TASK STATEMENT:
Repeat only the lines below from the one containing "Paavo Järvi conducting" through the one containing "Pale Yellow Saffiano", inclusive, exactly as written.
[[ PROVIDED DATA, beginning ]]
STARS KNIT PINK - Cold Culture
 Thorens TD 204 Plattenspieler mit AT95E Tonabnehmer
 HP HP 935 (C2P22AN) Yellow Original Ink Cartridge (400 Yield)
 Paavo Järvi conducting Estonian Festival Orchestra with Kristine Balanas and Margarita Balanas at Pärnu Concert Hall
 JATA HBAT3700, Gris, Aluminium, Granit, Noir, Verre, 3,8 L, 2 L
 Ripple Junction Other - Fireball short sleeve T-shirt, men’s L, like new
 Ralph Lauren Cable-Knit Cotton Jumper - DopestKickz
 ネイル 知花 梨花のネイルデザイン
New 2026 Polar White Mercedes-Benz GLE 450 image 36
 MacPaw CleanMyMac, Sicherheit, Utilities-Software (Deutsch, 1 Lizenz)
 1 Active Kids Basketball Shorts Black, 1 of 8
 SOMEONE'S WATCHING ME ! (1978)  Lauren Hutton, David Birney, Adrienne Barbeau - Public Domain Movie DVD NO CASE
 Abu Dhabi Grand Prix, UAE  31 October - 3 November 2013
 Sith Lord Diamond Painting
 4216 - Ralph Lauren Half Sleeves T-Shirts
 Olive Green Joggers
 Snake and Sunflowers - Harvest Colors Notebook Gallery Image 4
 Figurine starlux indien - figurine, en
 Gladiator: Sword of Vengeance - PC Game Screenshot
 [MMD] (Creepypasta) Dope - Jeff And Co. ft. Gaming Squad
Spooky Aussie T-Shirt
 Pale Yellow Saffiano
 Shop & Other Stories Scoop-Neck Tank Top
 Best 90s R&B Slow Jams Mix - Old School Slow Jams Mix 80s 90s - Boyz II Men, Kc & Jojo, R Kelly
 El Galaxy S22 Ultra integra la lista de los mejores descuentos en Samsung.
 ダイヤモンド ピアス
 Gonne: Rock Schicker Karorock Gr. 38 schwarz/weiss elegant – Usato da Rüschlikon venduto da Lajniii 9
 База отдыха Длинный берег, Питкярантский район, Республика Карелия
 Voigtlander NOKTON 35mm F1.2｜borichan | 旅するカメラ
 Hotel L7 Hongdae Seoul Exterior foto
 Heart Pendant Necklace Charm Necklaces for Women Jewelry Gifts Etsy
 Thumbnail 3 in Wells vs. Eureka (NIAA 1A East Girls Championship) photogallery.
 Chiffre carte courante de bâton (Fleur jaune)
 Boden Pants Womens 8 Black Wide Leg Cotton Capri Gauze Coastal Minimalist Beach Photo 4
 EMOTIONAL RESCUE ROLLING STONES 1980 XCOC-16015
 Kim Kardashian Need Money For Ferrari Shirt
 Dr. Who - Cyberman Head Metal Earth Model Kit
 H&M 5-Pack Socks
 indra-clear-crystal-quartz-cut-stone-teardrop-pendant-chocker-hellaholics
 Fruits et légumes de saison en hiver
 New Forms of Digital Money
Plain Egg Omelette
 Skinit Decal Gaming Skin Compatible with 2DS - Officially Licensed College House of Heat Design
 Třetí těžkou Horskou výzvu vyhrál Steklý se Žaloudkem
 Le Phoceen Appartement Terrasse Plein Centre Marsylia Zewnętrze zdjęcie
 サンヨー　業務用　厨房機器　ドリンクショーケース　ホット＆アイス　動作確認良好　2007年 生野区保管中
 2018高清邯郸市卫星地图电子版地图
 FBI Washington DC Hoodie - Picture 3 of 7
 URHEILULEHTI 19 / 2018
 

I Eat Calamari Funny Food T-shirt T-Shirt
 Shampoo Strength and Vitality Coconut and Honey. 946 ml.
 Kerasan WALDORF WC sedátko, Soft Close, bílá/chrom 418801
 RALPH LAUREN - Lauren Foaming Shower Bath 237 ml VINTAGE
[[ PROVIDED DATA, end ]]
OUTPUT OF THE EXERCISE:
 Paavo Järvi conducting Estonian Festival Orchestra with Kristine Balanas and Margarita Balanas at Pärnu Concert Hall
 JATA HBAT3700, Gris, Aluminium, Granit, Noir, Verre, 3,8 L, 2 L
 Ripple Junction Other - Fireball short sleeve T-shirt, men’s L, like new
 Ralph Lauren Cable-Knit Cotton Jumper - DopestKickz
 ネイル 知花 梨花のネイルデザイン
New 2026 Polar White Mercedes-Benz GLE 450 image 36
 MacPaw CleanMyMac, Sicherheit, Utilities-Software (Deutsch, 1 Lizenz)
 1 Active Kids Basketball Shorts Black, 1 of 8
 SOMEONE'S WATCHING ME ! (1978)  Lauren Hutton, David Birney, Adrienne Barbeau - Public Domain Movie DVD NO CASE
 Abu Dhabi Grand Prix, UAE  31 October - 3 November 2013
 Sith Lord Diamond Painting
 4216 - Ralph Lauren Half Sleeves T-Shirts
 Olive Green Joggers
 Snake and Sunflowers - Harvest Colors Notebook Gallery Image 4
 Figurine starlux indien - figurine, en
 Gladiator: Sword of Vengeance - PC Game Screenshot
 [MMD] (Creepypasta) Dope - Jeff And Co. ft. Gaming Squad
Spooky Aussie T-Shirt
 Pale Yellow Saffiano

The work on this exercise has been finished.